I have been renting a flat in somebody’s garden for over 7 years. In all this time I lived there very peacefully. The property consists of 2 flats and a house. The problem started when the house was rented out.
The renters of the house consisted of 1 yappy dog, two young boys being home schooled and the noisiest parents ever.
The boys were left unsupervised the whole day and I still don’t know what they did or did not do all day, but it certainly was not school work. The noise that emanated from those two would have broken noise levels never heared off.
The dog was just left to its own devices. Being bored it just barked. Period.
The parents used to come home from work, throw the dog out, shut the door and continued partying or whatever it was they were doing. Again the noise would have broken records. The dog barked and scratched at the back door non-stop.
I stay in one flat, the owner of the house’s father and mother in law in the other flat and the very noisy couple, kids and the dog in the house.
For some reason or other this noisy couple could make as much noise as they liked and poor me was never allowed to say anything about the noise.
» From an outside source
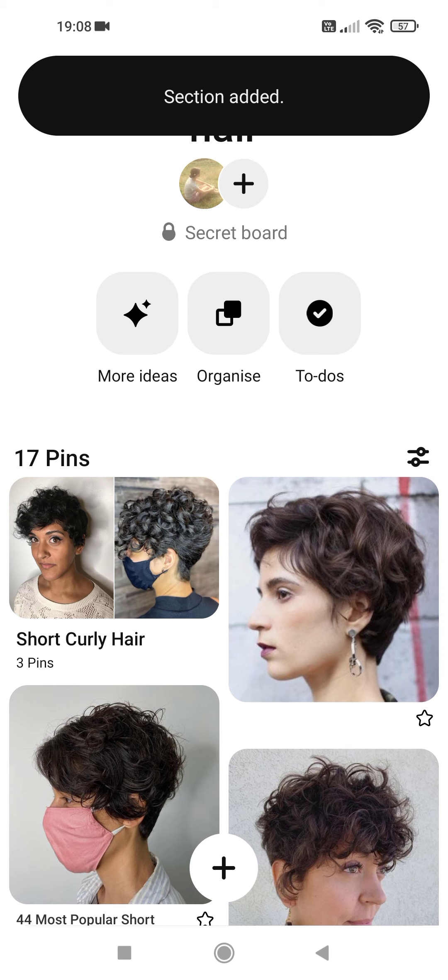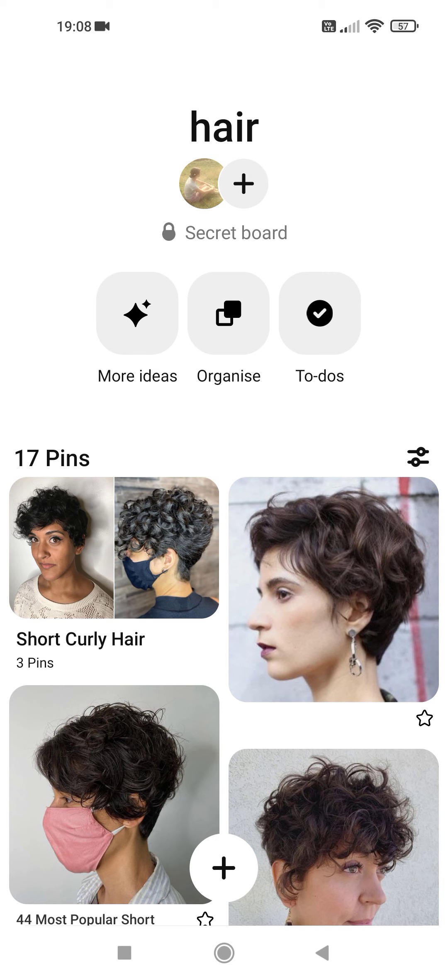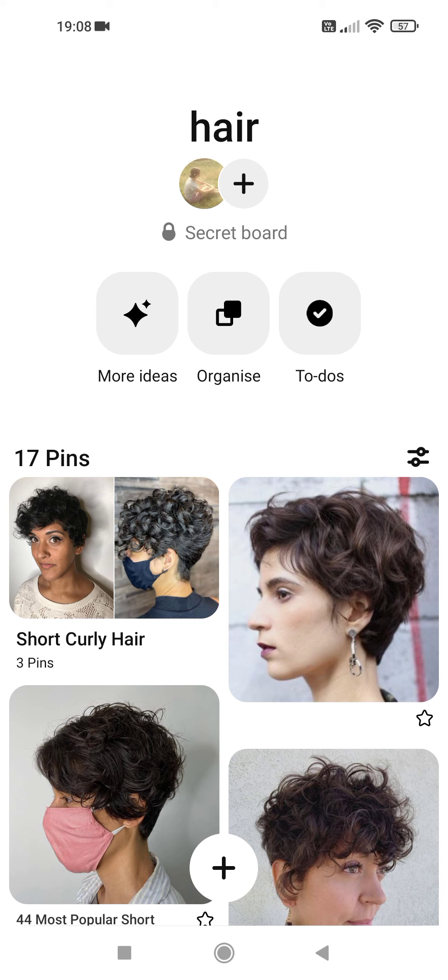And the section is added. That's pretty much it for this video. I hope it was helpful for you. If it was please consider subscribing and see you in the next one. Bye!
For instance they played their TV so loud that my windows rattled.
Then one day the “father in law” had a go at me, and I got blamed for everything that was wrong in the neighbourhood. If I say everything I mean everything. I feel almost I got blamed for what happened, or has gone wrong in the whole of this small city. Yes, it was as bad as that!
Shocked is not the right word. Flabbergasted you name it I was it. I stood there and allowed this man to insult me. Luckily the day before I received a whatsapp message that was so funny and so stupid I just wanted to share it with everybody. I cannot remember when last I laughed so much. But my inner voice - intuition, kept saying to me do not respond!
Standing there, being insulted and blamed for things I did not even know happened, I kept saying to myself “do not respond”. I walked away without saying a word.
Was I hurt? Was I upset? The answer is yes to everything. This touched me deeply. If I had done something wrong I would have been first to apologise, but too blamed for things I knew nothing about, that really hurt.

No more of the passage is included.